Russia’s likely interfere in the trial process

Since Yanukovych
actively sought to improve relations with Russia during his presidency and is
currently residing there, the Kremlin has been staunchly opposed to the former
president’s indictment. The Russian authorities clearly regard these corruption
trials not as a pursuit of justice, but mere vindictiveness towards a regime
that they believe was illegally removed from power through a violent coup.

The official
explanation for the illegitimacy of the trial outlined by Yanukovych’s lawyers
is that Yanukovych has been cleared of wrong doing from Interpol, and
therefore, any trial is double jeopardy and a violation of international law.
Yanukovych’s legal team has declared its willingness to appeal against Shokin’s
trial to the European Court for Human Rights, should Ukraine refuse to back
down.

Russia has tacitly
accepted Yanukovych’s case by refusing to allow his extradition to Kyiv. The
Russian Ministry of Justice has denied that the Ukrainian government formally
requested Yanukovych’s extradition to Kyiv for testimony, but regardless, Putin
is extremely unlikely to change his position on this issue. Hermitage Capital
Management CEO Bill Browder, in an interview with me in March, attributed
Russia’s rigid stance to the common kleptocratic nature of the Putin and
Yanukovych regimes. Putin is therefore afraid of the reverberations in Moscow
should Yanukovych be convicted and publicly shamed in Ukraine.

The idea that
Russia could intervene violently in the trial process has also become more
prominent in recent months, in light of allegations of possible Russian
involvement in the mysterious deaths of Yanukovych regime allies. Anton
Geraschenko, an assistant to the Ukrainian Interior Minister told CNN in April that
he believed that Yanukovych’s allies were possibly murdered on Kremlin orders
to foment anti-Ukrainian sentiment in Russia and destabilize Ukraine.

While there is no
empirical evidence for these accusations, the idea that the Russian authorities
could obstruct the trials through political intimidation is a contingency that
cannot be dismissed.
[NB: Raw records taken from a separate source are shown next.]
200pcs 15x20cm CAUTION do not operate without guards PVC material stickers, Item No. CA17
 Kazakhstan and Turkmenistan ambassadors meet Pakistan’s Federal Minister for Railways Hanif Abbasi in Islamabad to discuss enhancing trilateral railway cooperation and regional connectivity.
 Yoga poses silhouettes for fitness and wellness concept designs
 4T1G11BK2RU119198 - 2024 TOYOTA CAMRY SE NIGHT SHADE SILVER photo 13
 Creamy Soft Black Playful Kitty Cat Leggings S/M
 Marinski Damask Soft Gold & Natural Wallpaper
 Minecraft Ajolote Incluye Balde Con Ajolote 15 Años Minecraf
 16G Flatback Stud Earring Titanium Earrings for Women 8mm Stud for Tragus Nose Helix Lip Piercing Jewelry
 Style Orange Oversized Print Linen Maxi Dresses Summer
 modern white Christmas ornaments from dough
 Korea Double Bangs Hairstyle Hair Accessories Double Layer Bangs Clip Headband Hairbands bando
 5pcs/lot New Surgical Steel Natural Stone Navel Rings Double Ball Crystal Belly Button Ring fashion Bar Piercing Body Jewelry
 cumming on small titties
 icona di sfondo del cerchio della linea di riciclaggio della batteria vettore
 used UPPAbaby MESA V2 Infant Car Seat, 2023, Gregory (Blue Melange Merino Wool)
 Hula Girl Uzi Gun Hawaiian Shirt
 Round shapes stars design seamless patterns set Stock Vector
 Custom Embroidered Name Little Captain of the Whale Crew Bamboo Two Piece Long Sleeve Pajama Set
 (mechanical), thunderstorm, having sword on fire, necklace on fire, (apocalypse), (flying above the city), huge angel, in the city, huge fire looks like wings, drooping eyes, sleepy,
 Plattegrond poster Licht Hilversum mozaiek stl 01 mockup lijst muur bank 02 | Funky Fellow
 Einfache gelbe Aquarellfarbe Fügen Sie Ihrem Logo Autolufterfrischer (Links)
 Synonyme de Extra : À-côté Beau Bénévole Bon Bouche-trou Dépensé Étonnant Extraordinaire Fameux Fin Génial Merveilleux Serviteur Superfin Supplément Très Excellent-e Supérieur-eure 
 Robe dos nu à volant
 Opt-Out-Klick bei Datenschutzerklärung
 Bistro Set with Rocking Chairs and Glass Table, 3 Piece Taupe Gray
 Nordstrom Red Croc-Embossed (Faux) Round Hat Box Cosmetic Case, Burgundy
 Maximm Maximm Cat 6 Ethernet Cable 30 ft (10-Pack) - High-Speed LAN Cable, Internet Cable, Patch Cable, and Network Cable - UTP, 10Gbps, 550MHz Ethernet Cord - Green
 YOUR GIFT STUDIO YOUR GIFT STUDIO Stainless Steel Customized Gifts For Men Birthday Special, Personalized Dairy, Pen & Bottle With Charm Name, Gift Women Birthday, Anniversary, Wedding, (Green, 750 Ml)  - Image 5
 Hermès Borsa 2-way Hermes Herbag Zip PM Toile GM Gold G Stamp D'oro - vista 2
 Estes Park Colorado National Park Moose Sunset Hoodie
Even if Russia does not resort to violence, media assaults
on the Ukrainian justice system will likely be an ongoing feature of the trial
process.

Kremlin-backed
media outlet Sputnik reported on the
trial process on Aug. 6, highlighting the fact that Yanukovych was not
impeached by the Ukrainian Parliament, which would be a typical legal procedure
to implicate the president for corruption. Leonid Slutskiy, the Chairman of the
State Duma Committee for Relations with the CIS bloc, in an interview with RT, condemned the Interpol arrest
warrant on Yanukovych as a sign that Ukraine is a totalitarian and undemocratic
state. If these messages permeate to the conflict-ridden Donbas, which is
saturated with Russian media coverage, the trials could end up damaging
Poroshenko’s credibility in eastern Ukraine.

Ukraine’s
Prosecutor General Shokin’s belated show of decisiveness in indicting
Yanukovych and his former allies should be a positive step for Ukraine’s
democratic consolidation efforts. However, the dysfunctionality of the
Ukrainian court system and Russia’s vested interests in obstructing the trial
may prevent genuine justice for those who suffered in Maidan from being
achieved.

Samuel Ramani is an MPhil student in Russian and East European Studies at St.
Antony’s College, University of Oxford. He is also a regular contributor to
Huffington Post Politics and World Post.